Dans une ville qu’occupent des armées étrangères, la vie est devenue impossible, car la famine menace. Une mère pleine d’affection se trouve dans l’obligation de conduire ses jumeaux à la campagne, chez leur grand-mère. Leur terrible grand-mère analphabète, sale, avare, méchante, et même meurtrière, dit-on, car elle aurait empoisonné son mari. Aussi, les habitants du village l’appellent-ils la Sorcière, tandis que les garçons disent Grand-mère et qu’elle les nomme « fils de chienne ». On voit déjà qu’elle va leur mener la vie dure, mais, loin de se laisser abattre, les garnements vont s’endurcir en apprenant les dures lois de la vie et de la cruauté.
Dénués de tout sens moral et abandonnés à eux-mêmes dans ce pays en proie à la guerre, les garnements s’appliquent à tenir le journal quotidien de leurs méfaits dans un grand cahier, donné par leur père avant son départ au front. Cahier caché, ainsi qu’un dictionnaire et quelques objets gardés secrets, pour leur permettre de poursuivre leurs études. Inséparables, ils font tout ensemble, vivant dans un monde qu’ils se sont construits, parlant d’une seule voix et ne pleurant jamais. Pour leur survie, ces jumeaux, futés et déterminés, organisent des exercices en tout genre, aussi bien scolaires que d’endurance, s’imposant de ne pas manger pour s’habituer à supporter la faim ou se brutalisant l’un l’autre pour ne pas souffrir sous les coups de leur abominable grand-mère, ogresse sadique. Disloqués par la relation avec la vieille obèse, qu’elle soit d’amour ou de haine, ils semblent douter du sens même de l’existence et de la valeur de la vie. Malgré les brimades incessantes et les humiliations subies, ces jumeaux, devenus des « chats sauvages » prêts à tuer, gardent cependant un brin d’humanité pour une malheureuse jeune voisine réduite à voler, ou pour un soldat déserteur rencontré dans les bois.

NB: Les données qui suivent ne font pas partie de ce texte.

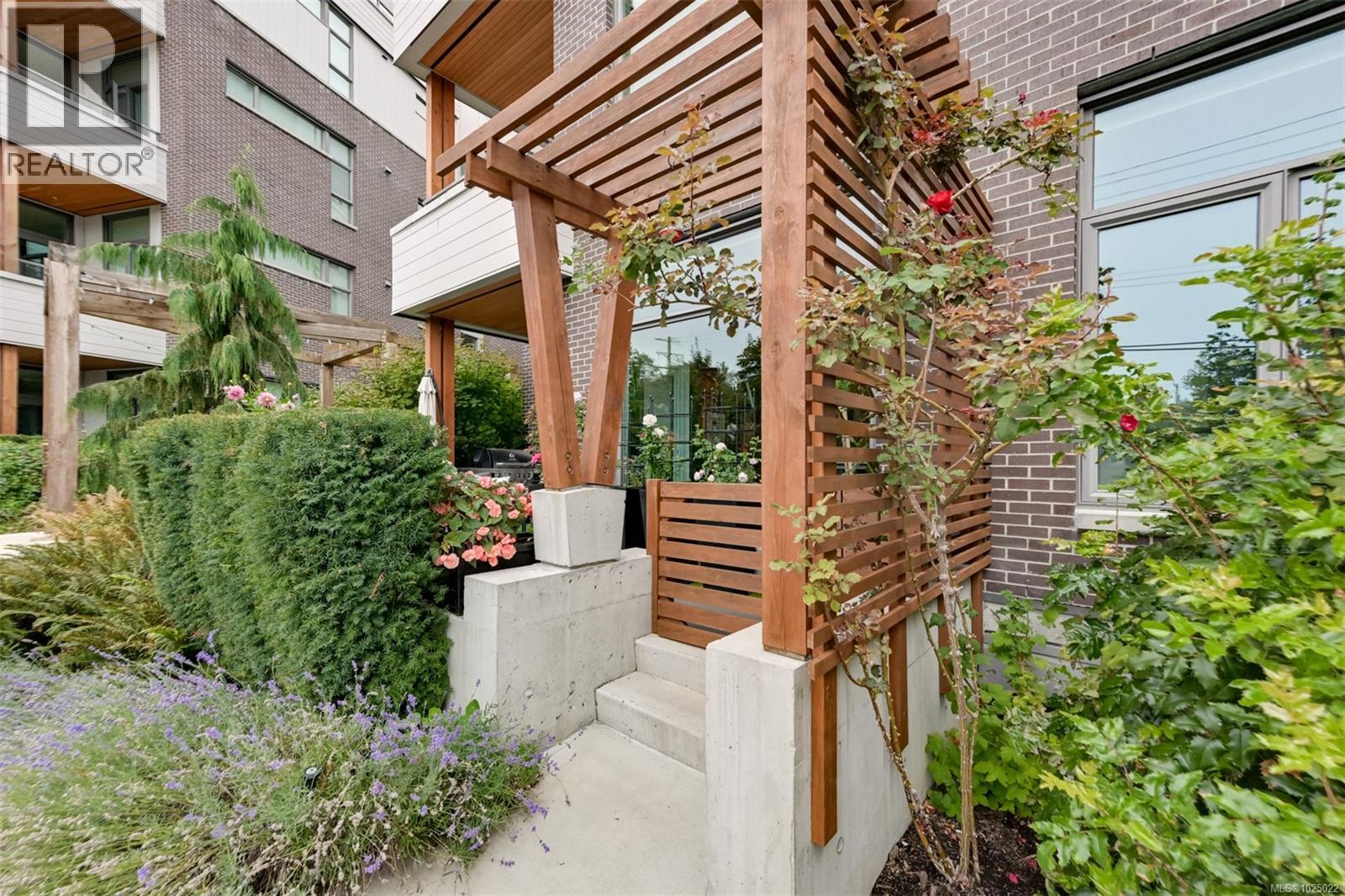 107 1216 Carlisle Ave, Esquimalt, British Columbia  V9A 0H5 - Photo 2 - 1025022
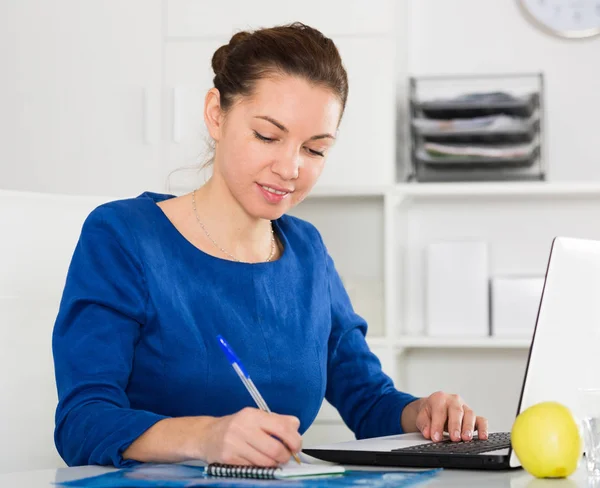 Mujer trabajando productivamente —  Fotos de Stock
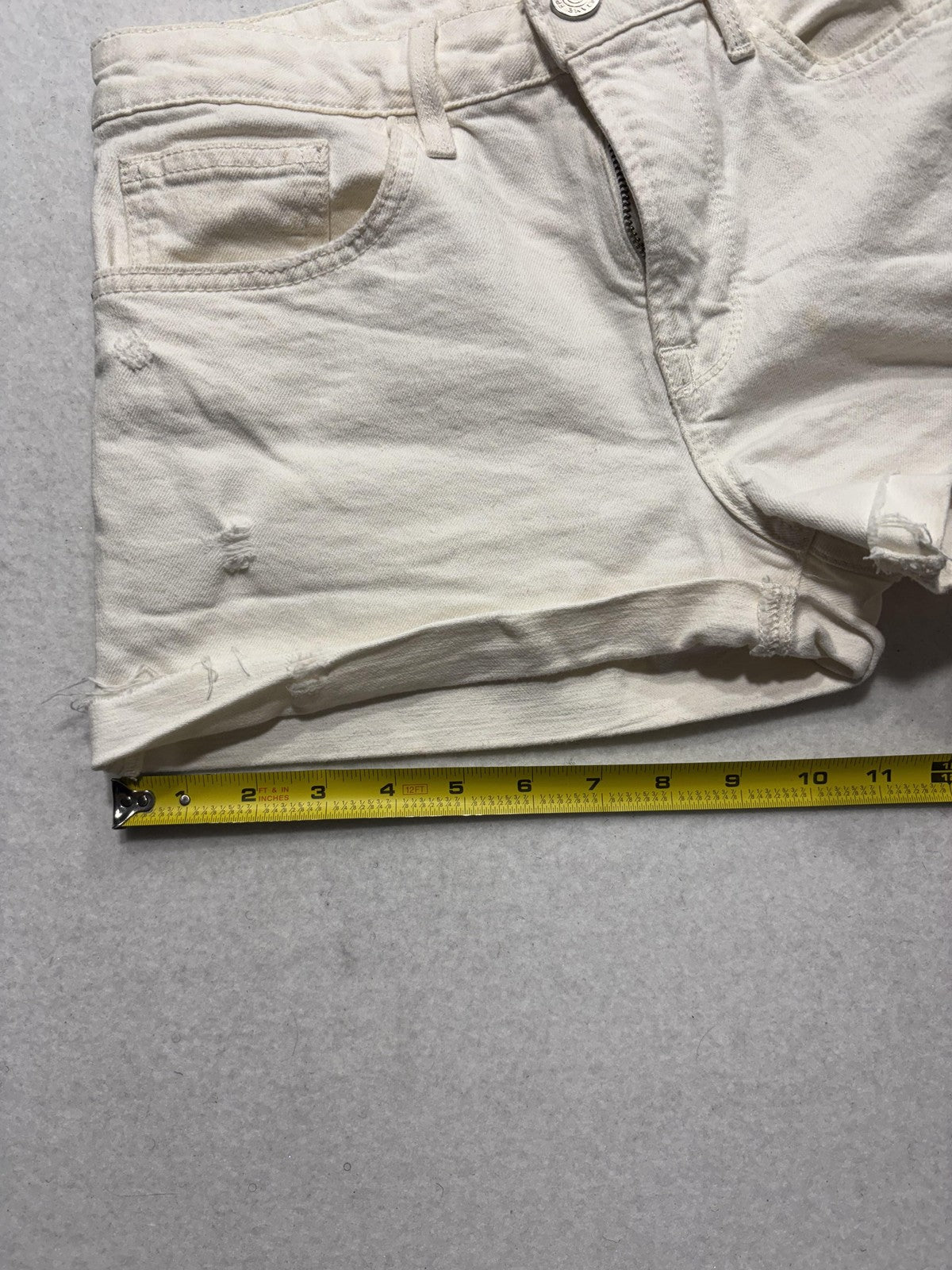 FRAME Le Grand Garcon Boyfriend Denim Shorts White 27 LGGSH470 Frayed Cut Off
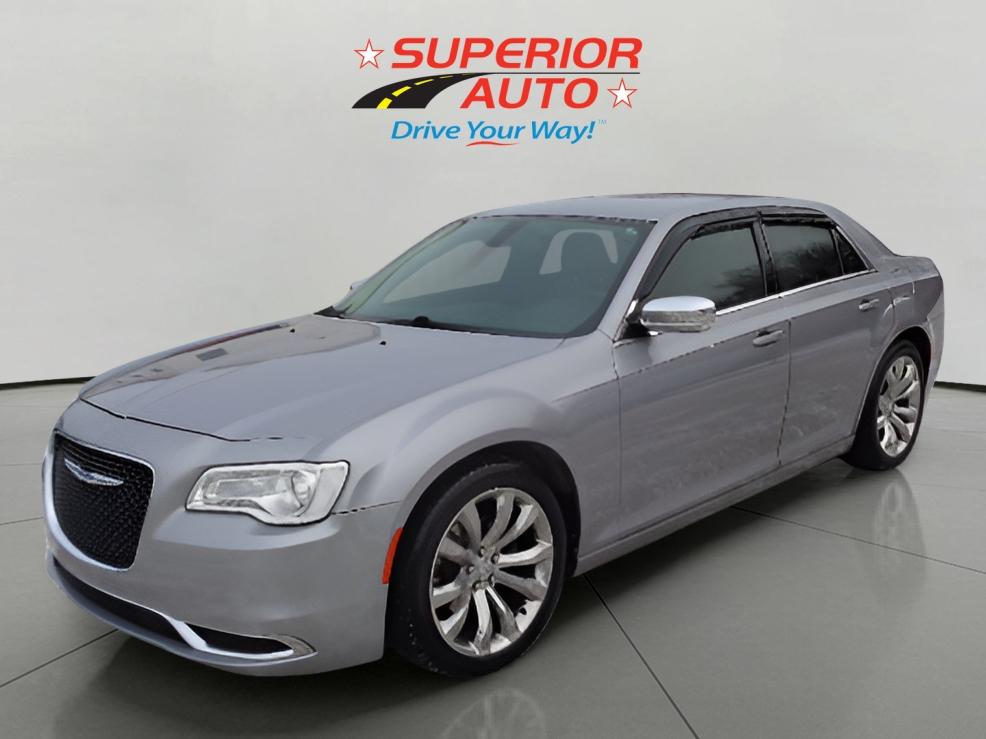 2018 Chrysler 300 Touring's photo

A l’extrémité du village, derrière des arbres, il y a une base militaire secrète, et, plus loin, la frontière et un autre pays dont tous rêvent : il n’y a plus de nourriture, les tickets de rationnement manquent, pas de chauffage. On sent le froid dont souffrent les jumeaux, malgré les vêtements superposés. Ils marchent nu-pieds, jambes et bras couverts d’écorchures. Le village est bombardé jour et nuit. Plus de nouvelles du père au front, ni de leur mère, dont la grand-mère sadique fait disparaître les lettres, sans pouvoir les lire. Jusqu’à la débâcle, puis la libération qui apporte d’autres souffrances.
Le Grand cahier est l’adaptation du célèbre roman de la Hongroise Agota Kristof, le premier de sa « trilogie des jumeaux ». Dans des couleurs sombres, le film donne une impression de crasse et d’odeur fétide. Tout est dramatisé, accentué, outré, dans ce conte horrifique où il est difficile de retrouver le ton volontairement distancié du roman. Le film laisse crier leur haine de cette énorme grand-mère qui ne lésine pas sur l’alcool, ce qui n’est pas ressenti dans le roman où les gamins semblent avoir mieux su l’apprivoiser, bien que le personnage ne soit guère sympathique. Cette outrance est donc la vision du réalisateur hongrois Janos Szasz sur la pesanteur d’une guerre sans nom, à travers le regard de garçons de 13 ans.